I have been trying to find it online and it just doesn't seem to exist. I have been able to come close but something is missing. Any help would be appreciated. Cheers!!


----------



## ezcomes (Jul 28, 2008)

i have played it in drop D, down 1 1/2 steps...another tuning to try is open G tuned 1/2 step down and with the low D string tuned to a C...

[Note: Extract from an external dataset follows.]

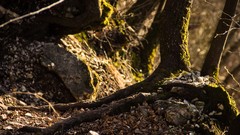 Trees Mountains roots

check out the thornleyfans messageboard...there is a tab for it on there!

cheers!


----------



## prodigal_son (Apr 23, 2009)

I figured it out. Cool tune. Been playing it note for note for about a week now. The verses are a bit layered and weird if you go by the LP version but I managed to watch a few Youtubers and figured out how the rhythm guy plays it. Thanks again!!


----------



## ezcomes (Jul 28, 2008)

feel free to post it somewhere...either on the messageboard...or ultimate-guitar


----------



## prodigal_son (Apr 23, 2009)

I couldn't be bothered tabbing it competely. The tuning is indeed open G tuned down half a step with the low string tuned to B. This works for alot of his tunes ("Inhale" - 12 string, "Mistake", "Easy Comes" etc..).


----------